#### WHAT THE TASK REQUIRES
Please restate word for word the lines of the entries below from the one with "What up everybody, PokeJoe" to the one with "Ten inputs: three", inclusive, and leave out every picture.

#### RECORD EXTRACTS

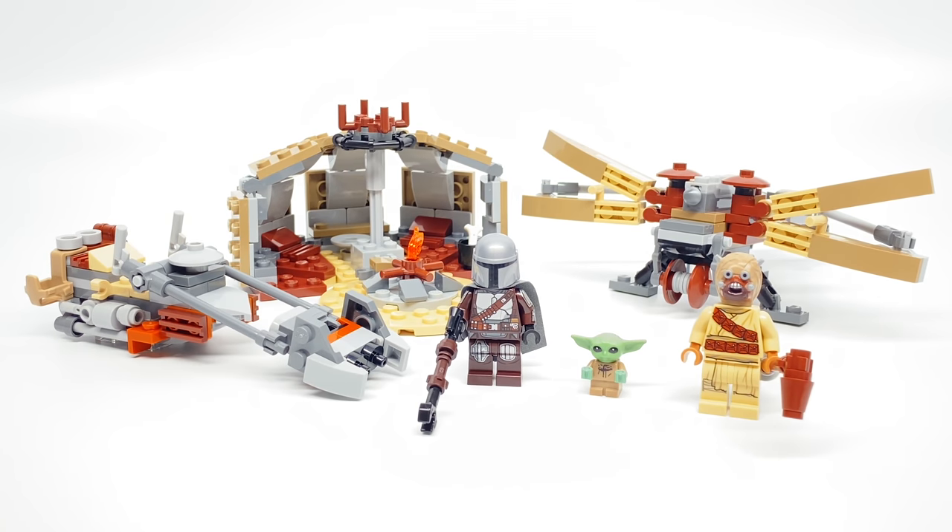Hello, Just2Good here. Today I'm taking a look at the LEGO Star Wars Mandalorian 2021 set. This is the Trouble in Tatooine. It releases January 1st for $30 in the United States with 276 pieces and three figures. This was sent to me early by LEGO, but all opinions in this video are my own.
---
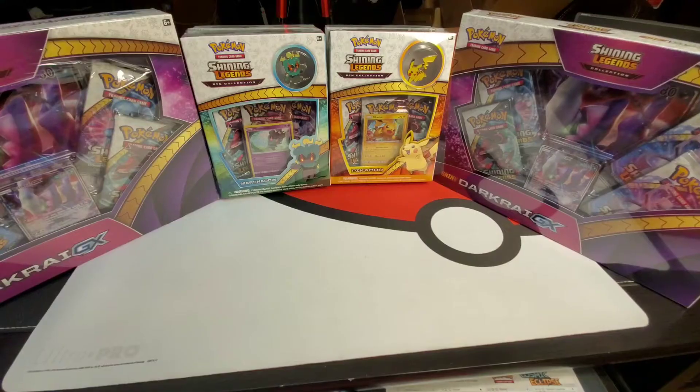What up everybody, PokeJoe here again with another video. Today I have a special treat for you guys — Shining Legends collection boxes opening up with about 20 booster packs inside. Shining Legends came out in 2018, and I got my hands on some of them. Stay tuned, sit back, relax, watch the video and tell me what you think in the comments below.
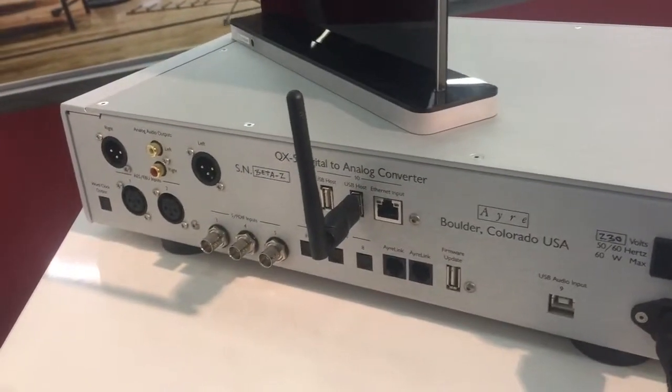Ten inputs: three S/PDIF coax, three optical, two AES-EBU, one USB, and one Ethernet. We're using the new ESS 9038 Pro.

#### TASK RESPONSE
What up everybody, PokeJoe here again with another video. Today I have a special treat for you guys — Shining Legends collection boxes opening up with about 20 booster packs inside. Shining Legends came out in 2018, and I got my hands on some of them. Stay tuned, sit back, relax, watch the video and tell me what you think in the comments below.
Ten inputs: three S/PDIF coax, three optical, two AES-EBU, one USB, and one Ethernet. We're using the new ESS 9038 Pro.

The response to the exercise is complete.